***** RECORDS SUPPLIED
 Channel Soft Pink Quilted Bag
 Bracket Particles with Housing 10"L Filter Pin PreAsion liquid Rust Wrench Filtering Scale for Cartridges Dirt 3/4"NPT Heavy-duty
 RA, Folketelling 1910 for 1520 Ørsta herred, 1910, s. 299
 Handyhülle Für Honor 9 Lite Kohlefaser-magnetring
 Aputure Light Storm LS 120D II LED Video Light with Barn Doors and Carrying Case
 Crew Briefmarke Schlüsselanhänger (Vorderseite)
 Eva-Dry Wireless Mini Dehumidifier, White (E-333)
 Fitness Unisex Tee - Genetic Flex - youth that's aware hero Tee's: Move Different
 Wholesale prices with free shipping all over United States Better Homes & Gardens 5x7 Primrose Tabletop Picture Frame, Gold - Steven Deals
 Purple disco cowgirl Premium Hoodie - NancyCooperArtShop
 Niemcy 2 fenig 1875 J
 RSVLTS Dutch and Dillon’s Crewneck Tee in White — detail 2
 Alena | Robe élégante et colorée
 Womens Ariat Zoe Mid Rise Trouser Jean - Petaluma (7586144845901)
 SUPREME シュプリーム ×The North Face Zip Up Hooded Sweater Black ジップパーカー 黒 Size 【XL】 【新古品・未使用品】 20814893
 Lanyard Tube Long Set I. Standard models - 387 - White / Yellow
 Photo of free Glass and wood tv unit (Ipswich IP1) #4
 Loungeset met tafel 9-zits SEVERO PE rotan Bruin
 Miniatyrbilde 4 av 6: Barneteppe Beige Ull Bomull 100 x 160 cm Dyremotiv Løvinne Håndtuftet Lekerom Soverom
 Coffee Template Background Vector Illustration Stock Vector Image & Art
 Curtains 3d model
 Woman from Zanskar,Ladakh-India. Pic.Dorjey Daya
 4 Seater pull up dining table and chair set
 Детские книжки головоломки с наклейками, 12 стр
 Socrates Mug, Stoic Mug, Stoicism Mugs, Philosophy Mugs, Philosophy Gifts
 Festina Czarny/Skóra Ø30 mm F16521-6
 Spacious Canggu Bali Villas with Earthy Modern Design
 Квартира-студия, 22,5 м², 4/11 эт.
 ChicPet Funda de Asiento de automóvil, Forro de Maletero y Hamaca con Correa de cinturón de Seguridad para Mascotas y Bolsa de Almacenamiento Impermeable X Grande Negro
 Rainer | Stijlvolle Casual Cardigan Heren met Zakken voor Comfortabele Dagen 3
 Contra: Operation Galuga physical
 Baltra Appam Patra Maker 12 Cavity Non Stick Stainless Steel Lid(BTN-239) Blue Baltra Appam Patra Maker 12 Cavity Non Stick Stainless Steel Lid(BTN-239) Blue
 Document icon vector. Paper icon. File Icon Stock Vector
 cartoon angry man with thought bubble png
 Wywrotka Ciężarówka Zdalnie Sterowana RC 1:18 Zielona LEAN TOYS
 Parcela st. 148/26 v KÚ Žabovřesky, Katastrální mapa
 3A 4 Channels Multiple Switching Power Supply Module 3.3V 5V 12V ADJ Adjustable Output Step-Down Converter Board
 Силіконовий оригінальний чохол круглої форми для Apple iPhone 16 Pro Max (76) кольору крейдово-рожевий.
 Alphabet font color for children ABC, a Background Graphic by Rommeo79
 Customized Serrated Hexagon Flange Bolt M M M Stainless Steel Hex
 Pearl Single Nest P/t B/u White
**********
• **WORK TO BE COMPLETED**
Note how many lines in the material contain the string "White", and give that number alone.

• **ANSWER BOX**
4